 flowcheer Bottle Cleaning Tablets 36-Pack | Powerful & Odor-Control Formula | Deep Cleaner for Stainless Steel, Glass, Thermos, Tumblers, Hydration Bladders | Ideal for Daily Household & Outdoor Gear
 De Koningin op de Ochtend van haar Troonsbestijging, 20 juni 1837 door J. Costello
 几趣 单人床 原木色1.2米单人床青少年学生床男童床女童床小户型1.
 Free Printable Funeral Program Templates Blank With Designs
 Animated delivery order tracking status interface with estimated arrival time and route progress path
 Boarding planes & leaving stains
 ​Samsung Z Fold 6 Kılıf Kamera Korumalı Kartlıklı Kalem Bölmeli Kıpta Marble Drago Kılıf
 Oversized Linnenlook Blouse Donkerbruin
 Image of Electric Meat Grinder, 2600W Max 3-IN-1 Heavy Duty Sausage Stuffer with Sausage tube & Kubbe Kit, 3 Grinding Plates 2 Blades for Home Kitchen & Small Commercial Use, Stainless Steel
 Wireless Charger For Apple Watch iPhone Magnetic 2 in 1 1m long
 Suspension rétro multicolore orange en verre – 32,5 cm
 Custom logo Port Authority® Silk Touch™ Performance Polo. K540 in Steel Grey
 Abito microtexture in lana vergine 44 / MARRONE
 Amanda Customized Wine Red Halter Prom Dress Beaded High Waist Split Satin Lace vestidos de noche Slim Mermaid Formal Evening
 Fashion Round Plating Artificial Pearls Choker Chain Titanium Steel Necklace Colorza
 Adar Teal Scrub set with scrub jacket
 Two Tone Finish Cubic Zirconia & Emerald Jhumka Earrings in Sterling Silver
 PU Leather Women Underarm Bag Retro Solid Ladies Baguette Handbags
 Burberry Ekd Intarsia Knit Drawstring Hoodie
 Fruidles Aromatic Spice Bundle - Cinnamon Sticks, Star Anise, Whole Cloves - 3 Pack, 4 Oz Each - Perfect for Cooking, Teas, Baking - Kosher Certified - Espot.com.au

_ _ _

Please give every entry again, precisely as it appears.

## [Task response]
 flowcheer Bottle Cleaning Tablets 36-Pack | Powerful & Odor-Control Formula | Deep Cleaner for Stainless Steel, Glass, Thermos, Tumblers, Hydration Bladders | Ideal for Daily Household & Outdoor Gear
 De Koningin op de Ochtend van haar Troonsbestijging, 20 juni 1837 door J. Costello
 几趣 单人床 原木色1.2米单人床青少年学生床男童床女童床小户型1.
 Free Printable Funeral Program Templates Blank With Designs
 Animated delivery order tracking status interface with estimated arrival time and route progress path
 Boarding planes & leaving stains
 ​Samsung Z Fold 6 Kılıf Kamera Korumalı Kartlıklı Kalem Bölmeli Kıpta Marble Drago Kılıf
 Oversized Linnenlook Blouse Donkerbruin
 Image of Electric Meat Grinder, 2600W Max 3-IN-1 Heavy Duty Sausage Stuffer with Sausage tube & Kubbe Kit, 3 Grinding Plates 2 Blades for Home Kitchen & Small Commercial Use, Stainless Steel
 Wireless Charger For Apple Watch iPhone Magnetic 2 in 1 1m long
 Suspension rétro multicolore orange en verre – 32,5 cm
 Custom logo Port Authority® Silk Touch™ Performance Polo. K540 in Steel Grey
 Abito microtexture in lana vergine 44 / MARRONE
 Amanda Customized Wine Red Halter Prom Dress Beaded High Waist Split Satin Lace vestidos de noche Slim Mermaid Formal Evening
 Fashion Round Plating Artificial Pearls Choker Chain Titanium Steel Necklace Colorza
 Adar Teal Scrub set with scrub jacket
 Two Tone Finish Cubic Zirconia & Emerald Jhumka Earrings in Sterling Silver
 PU Leather Women Underarm Bag Retro Solid Ladies Baguette Handbags
 Burberry Ekd Intarsia Knit Drawstring Hoodie
 Fruidles Aromatic Spice Bundle - Cinnamon Sticks, Star Anise, Whole Cloves - 3 Pack, 4 Oz Each - Perfect for Cooking, Teas, Baking - Kosher Certified - Espot.com.au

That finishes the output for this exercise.